Find the line with "Cabochon de grenat" in the records below. Output exactly from there until after the line with "COMME CA PLATINUM", without pictures.

_Provided data:_
------------------------------
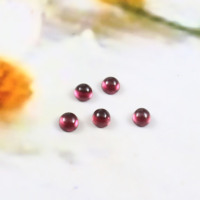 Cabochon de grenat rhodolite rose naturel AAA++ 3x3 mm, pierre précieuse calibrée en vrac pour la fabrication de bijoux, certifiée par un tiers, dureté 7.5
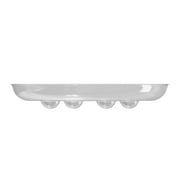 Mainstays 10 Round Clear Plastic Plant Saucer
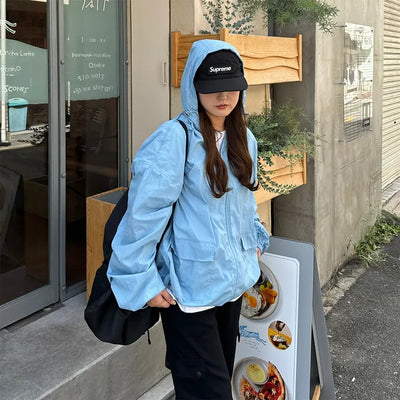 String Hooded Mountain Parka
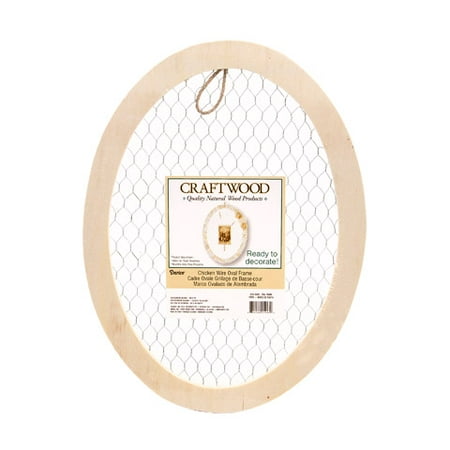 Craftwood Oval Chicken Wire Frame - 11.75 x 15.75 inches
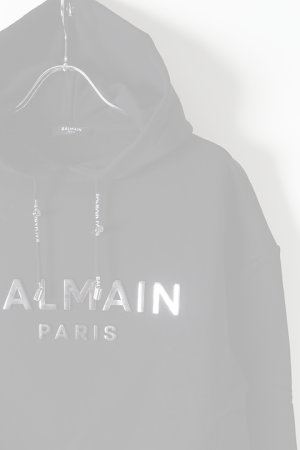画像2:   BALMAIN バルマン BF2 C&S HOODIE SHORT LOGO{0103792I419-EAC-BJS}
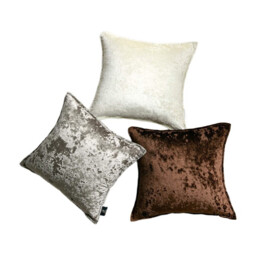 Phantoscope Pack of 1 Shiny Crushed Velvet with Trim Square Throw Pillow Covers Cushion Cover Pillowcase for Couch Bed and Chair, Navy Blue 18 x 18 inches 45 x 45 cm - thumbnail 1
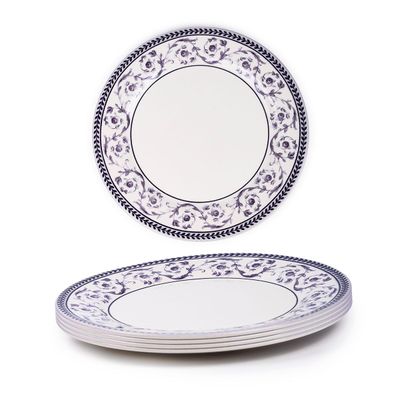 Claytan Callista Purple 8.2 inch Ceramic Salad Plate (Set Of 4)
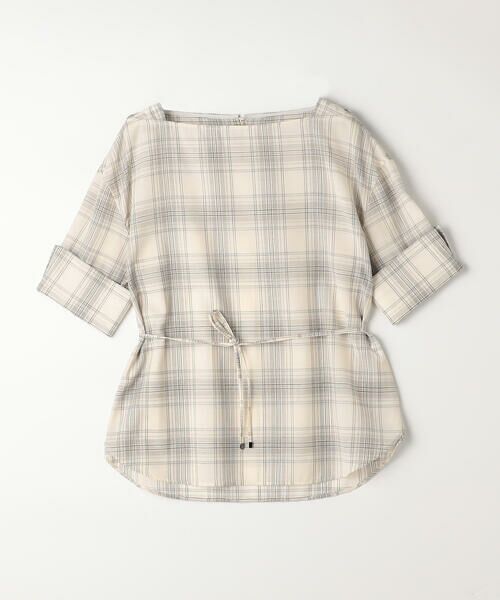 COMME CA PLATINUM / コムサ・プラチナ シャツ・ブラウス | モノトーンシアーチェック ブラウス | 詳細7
------------------------------
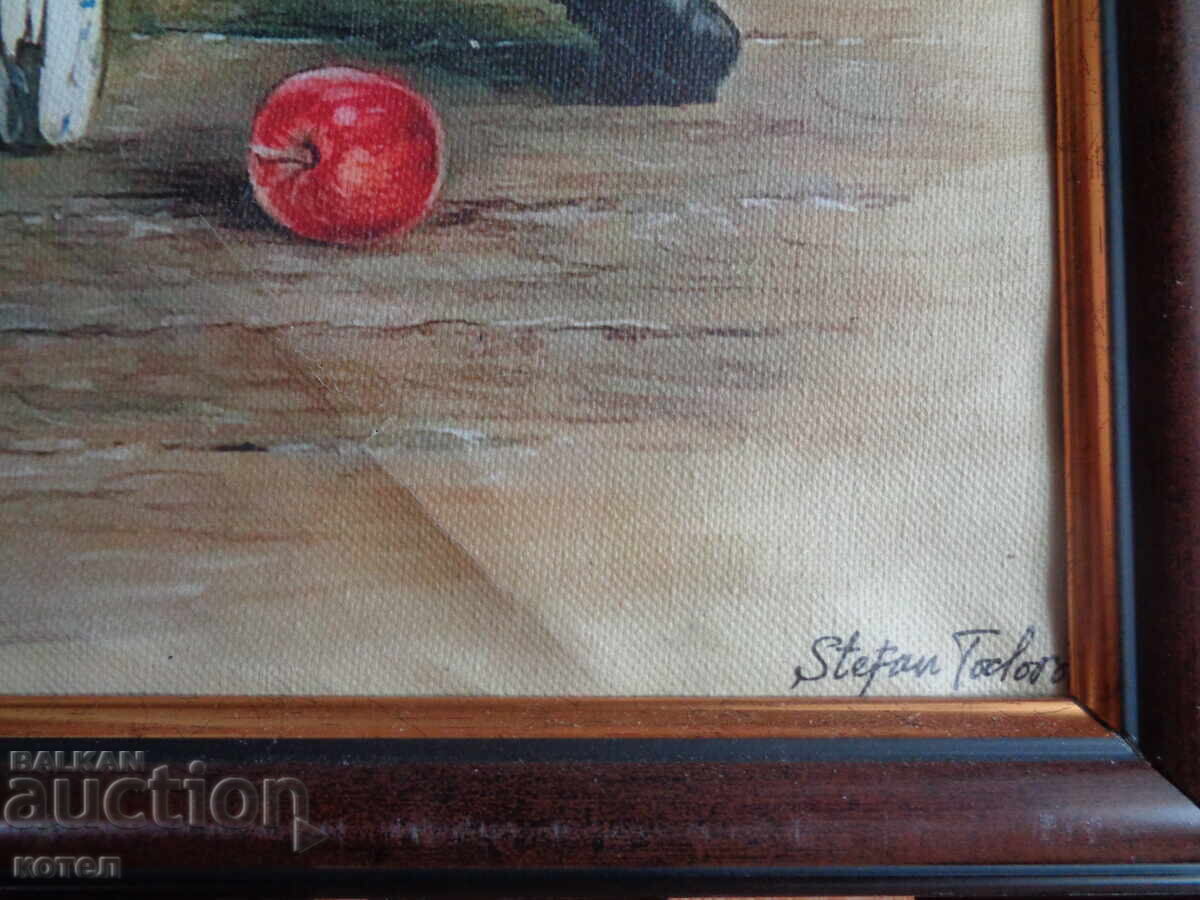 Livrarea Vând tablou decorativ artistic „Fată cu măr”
------------------------------
_Response to the task:_
 Cabochon de grenat rhodolite rose naturel AAA++ 3x3 mm, pierre précieuse calibrée en vrac pour la fabrication de bijoux, certifiée par un tiers, dureté 7.5
 Mainstays 10 Round Clear Plastic Plant Saucer
 String Hooded Mountain Parka
 Craftwood Oval Chicken Wire Frame - 11.75 x 15.75 inches
画像2:   BALMAIN バルマン BF2 C&S HOODIE SHORT LOGO{0103792I419-EAC-BJS}
 Phantoscope Pack of 1 Shiny Crushed Velvet with Trim Square Throw Pillow Covers Cushion Cover Pillowcase for Couch Bed and Chair, Navy Blue 18 x 18 inches 45 x 45 cm - thumbnail 1
 Claytan Callista Purple 8.2 inch Ceramic Salad Plate (Set Of 4)
 COMME CA PLATINUM / コムサ・プラチナ シャツ・ブラウス | モノトーンシアーチェック ブラウス | 詳細7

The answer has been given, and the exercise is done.